Acta fabula
ISSN 2115-8037

2011
Octobre 2011 (volume 12, numéro 8)
Olivier Schefer

Peindre la nature sans rien céder à l’art, C. D. Friedrich

Caspar David Friedrich, En contemplant une collection de peintures, édition établie et traduite par Laure Cahen-Maurel, Paris : José Corti, 2011, 149 p., EAN 9782714310620.

Mais on voudrait crier à ses élèves : respectez la voix de la nature en vous !

C. D. Friedrich, En contemplant une collection de peintures, p. 124.

Pas de théories ! Des œuvres… Les théories perdent les hommes. Il faut avoir une sacrée sève, une vitalité inépuisable pour leur résister.

Cézanne (à Joachim Gasquet), Macula, 1978, p. 110.

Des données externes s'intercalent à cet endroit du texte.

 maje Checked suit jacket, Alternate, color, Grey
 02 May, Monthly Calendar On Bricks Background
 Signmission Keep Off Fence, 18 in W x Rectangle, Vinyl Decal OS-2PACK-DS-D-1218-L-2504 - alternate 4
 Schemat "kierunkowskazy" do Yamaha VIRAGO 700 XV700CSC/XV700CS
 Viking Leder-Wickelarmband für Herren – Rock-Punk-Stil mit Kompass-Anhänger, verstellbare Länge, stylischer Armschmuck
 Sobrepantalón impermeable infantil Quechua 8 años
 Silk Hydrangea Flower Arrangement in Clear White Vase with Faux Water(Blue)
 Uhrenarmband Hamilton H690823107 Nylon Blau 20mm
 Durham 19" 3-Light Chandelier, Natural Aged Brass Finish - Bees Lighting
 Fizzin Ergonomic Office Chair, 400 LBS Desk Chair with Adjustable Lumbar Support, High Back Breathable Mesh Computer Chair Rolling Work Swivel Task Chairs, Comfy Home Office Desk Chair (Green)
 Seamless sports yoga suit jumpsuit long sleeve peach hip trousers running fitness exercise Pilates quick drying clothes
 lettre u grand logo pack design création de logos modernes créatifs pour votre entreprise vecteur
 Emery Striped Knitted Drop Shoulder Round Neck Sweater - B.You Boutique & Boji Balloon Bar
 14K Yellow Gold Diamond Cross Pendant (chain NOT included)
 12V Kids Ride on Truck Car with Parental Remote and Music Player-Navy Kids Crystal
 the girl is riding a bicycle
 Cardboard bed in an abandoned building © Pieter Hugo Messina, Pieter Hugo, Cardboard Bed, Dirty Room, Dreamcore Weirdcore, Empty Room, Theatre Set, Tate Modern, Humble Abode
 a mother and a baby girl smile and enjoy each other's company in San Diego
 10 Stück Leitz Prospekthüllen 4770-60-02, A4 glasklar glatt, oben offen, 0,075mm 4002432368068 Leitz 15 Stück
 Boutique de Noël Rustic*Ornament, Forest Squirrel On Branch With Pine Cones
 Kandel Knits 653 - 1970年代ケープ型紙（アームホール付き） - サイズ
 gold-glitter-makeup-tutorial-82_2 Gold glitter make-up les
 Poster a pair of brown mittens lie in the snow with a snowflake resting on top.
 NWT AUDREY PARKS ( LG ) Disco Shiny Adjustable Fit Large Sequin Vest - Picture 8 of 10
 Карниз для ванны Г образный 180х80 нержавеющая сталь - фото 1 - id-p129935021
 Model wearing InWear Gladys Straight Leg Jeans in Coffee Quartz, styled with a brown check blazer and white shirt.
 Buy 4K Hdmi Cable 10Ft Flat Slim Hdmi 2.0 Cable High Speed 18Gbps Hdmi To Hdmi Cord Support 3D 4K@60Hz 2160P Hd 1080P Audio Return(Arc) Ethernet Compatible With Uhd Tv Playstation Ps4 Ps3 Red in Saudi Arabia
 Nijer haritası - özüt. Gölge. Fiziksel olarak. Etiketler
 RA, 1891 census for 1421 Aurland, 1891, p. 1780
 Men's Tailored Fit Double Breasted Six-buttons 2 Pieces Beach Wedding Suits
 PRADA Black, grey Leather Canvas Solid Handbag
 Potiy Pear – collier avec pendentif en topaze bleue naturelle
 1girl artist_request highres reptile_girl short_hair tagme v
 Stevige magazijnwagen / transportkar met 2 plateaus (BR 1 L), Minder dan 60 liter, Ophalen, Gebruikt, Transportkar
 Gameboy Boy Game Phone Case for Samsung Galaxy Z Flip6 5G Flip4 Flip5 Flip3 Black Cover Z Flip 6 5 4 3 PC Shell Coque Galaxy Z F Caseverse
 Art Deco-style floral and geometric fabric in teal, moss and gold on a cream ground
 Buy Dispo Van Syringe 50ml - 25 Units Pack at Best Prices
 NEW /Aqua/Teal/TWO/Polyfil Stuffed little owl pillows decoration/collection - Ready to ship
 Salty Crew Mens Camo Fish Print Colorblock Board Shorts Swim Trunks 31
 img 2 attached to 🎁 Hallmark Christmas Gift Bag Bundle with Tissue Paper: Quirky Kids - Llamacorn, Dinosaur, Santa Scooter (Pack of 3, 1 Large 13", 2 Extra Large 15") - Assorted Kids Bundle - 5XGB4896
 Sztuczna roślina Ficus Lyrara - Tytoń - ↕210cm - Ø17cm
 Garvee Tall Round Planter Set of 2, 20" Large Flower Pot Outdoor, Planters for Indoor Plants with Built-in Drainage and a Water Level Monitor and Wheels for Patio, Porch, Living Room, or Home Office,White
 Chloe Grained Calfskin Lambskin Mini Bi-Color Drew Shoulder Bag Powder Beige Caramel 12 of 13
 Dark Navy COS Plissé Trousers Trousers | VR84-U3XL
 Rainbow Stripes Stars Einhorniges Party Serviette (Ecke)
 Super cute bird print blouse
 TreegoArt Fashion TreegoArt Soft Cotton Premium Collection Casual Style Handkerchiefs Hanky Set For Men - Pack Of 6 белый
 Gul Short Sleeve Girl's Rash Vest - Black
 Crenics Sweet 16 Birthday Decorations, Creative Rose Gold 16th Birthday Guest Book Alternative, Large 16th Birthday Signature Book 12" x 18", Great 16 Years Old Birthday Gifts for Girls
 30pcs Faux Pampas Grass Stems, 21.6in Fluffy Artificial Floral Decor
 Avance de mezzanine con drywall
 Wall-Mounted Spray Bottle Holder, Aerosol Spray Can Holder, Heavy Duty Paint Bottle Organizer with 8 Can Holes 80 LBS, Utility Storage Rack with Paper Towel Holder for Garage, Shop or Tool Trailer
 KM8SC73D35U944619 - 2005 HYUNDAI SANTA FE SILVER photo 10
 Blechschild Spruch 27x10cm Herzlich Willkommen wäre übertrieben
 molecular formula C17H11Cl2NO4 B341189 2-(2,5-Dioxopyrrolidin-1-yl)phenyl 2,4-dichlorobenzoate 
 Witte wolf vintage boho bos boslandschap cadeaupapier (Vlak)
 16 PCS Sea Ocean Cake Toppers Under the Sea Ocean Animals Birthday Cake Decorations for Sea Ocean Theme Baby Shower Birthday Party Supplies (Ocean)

1Bien qu’elle n’ait pas manqué de commentateurs savants (Werner Hoffmann, Joseph Leo Koerner, Elisabeth Décultot…) ou littéraires  (Catherine Lépront), l’œuvre du peintre allemand Caspar David Friedrich (1774‑1840) n’est pas de celle qu’il est aisé de commenter. Il faut dire que l’artiste témoigne une rare méfiance à l’égard de la réflexion théorique et de l’enseignement académique : « Qui veut savoir ce qu’est la beauté, comme si elle était unique, et qui peut l’enseigner ? Qui saurait fixer les limites de ce qui est de nature spirituelle et en énoncer les règles ? Ô hommes ordinaires, secs et durs comme le cuir, vous inventez sans relâche des règles ! La foule vous louera pour les béquilles que vous lui offrez, mais qui sent en lui une force propre se rit de vous. » (p. 55) « Les opinions et points de vue changeants, ou plutôt les logorrhées et verbiages inconsistants sur l’art, son métier et la manière de l’enseigner, se contredisent formidablement. » (p. 81) « J’ai vu beaucoup de tableaux aujourd’hui ; la plupart a un goût de fabrique, beaucoup un goût d’académie et une petite partie tout au plus peut être appelée création au sens propre. » (p. 88)

2On a presque tout dit pourtant de l’œuvre de Friedrich ; qu’elle était mystique, irrationnelle, panthéiste, onirique, réflexive (métapicturale), symbole de la religion romantique de l’art, qu’elle préfigurait l’abstraction picturale (Robert Rosenblum, 1975) et parfois la synesthésie symboliste et moderne (cf. le catalogue du Musée d’Orsay, Les Origines de l’abstraction). Mais on a oublié de l’écouter, lui qui parlait peu. Il est vrai que les rares écrits de ce formidable « taiseux » (brefs essais, correspondance, aphorismes et poèmes) étaient pour la plupart inconnus de ses contemporains. Il fallut attendre 1999 pour que paraisse la première édition critique allemande du présent volume. En France, les écrits du peintre n’ont été dévoilés qu’au travers de traductions toujours partielles 1. La présente édition, établie avec beaucoup de soin et de précision par L. Cahen-Maurel, vient donc fort à propos réparer une lacune, en offrant la première traduction intégrale de ce curieux Salon esthétique, dont le titre complet est : Considérations en contemplant une collection de peintures d’artistes en grande partie encore vivants ou morts depuis peu.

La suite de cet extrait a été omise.